When they told me to pump my own gas, I took on Lady MacBeth characteristics, but I pumped.
When they told me to please listen closely to all available selections as options have change, I listened as I manically punched “0.”
When they told me to swipe my own credit card to complete the most sacred of rituals; shopping, I swiped, and I silently wept.
And when I am expected to supply my own towel, paper towels, cleaning solution, and noise canceling device to enjoy the few machines that work in my sweltering gym, I do so.
I do all these things.

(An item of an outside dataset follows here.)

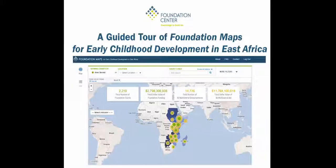Welcome to Foundation Maps for Early Childhood Development in East Africa. Developed by Foundation Center, with support from Bernard Van Leer Foundation, this interactive funding map brings philanthropic data to life, making it easy to understand who is funding early childhood development in a number of East African countries.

But not without speaking up, which I see as a moral imperative and those around me see as another excuse to label me as “difficult, high maintenance, crotchety” or any other label that allows them to distance themselves from the fact that silence equals complicity.

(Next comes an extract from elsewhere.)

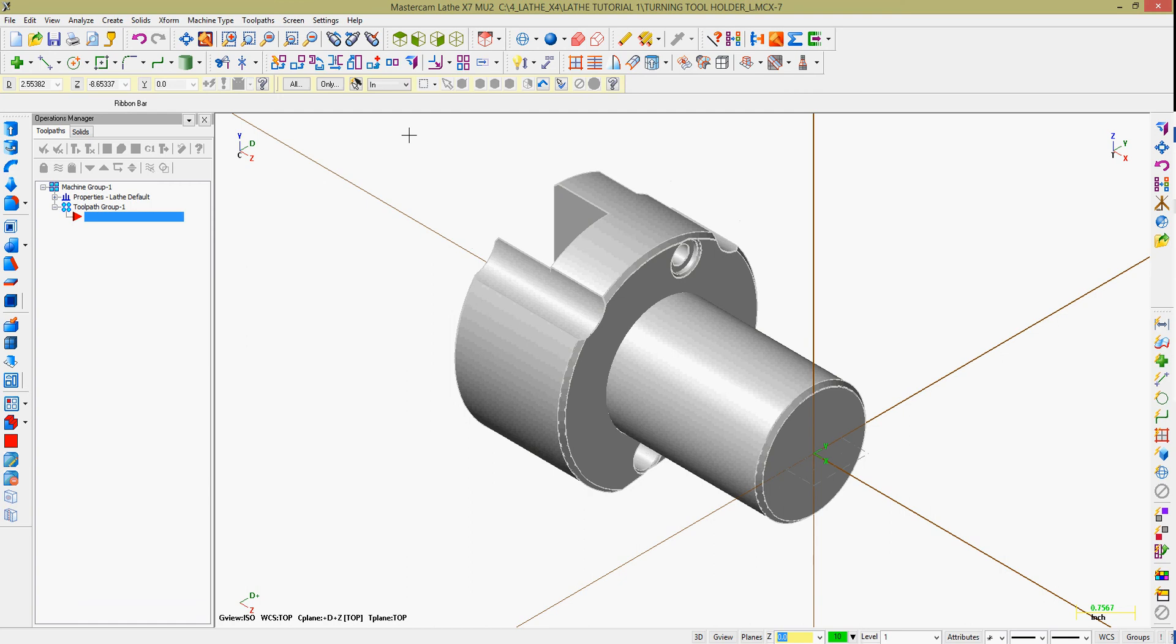Or, if I have a plane I want to translate, maybe a compound angle and it's not one of the standard views, I can select this icon and go out and select the center point of the face I'm going to use. In conjunction with this, selecting the plane and I can move an angled face into a normal view.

Having most recently spoken up to gym “management” regarding the ephemeral opening times of the gym (the pool opens when its waters can no longer stand the glassy top to their surface and the gym opens when someone decides that the hang-over is not in fact life threatening.) I was treated this morning to being followed into the rest room by a “old enough to have recently graduated high school, but let’s be serious, she was most likely asked to leave” who “works” the desk. I heard her muttering, not making eye contact of course; “Tobias,Tobias.” It had a rather eerie “The Prince of Tides” quality to it. I’m not sure when it occurred to me that she was actually trying to address me, “Tobias?” Had I not changed my name when I married, I no doubt would have been having some serious 8th grade gym class flashbacks. Safely ensconced in my married name, I told the tot “I’ve never been addressed that way. It’s Mrs. Tobias.” She continued that the gym is no longer open at 5:45, it opens at 6:00. This time change of course, the result of my compaints regarding opening time. Fine. I’ve no problem with shortening the gym day. I’m not sure that I even mind being chased into the bathroom. What I DO MIND is being spoken to as if I am a schoolyard homie, or posse, or BFF, or whatever the hell they call them.
I am a customer damnit. I just want to be treated as such.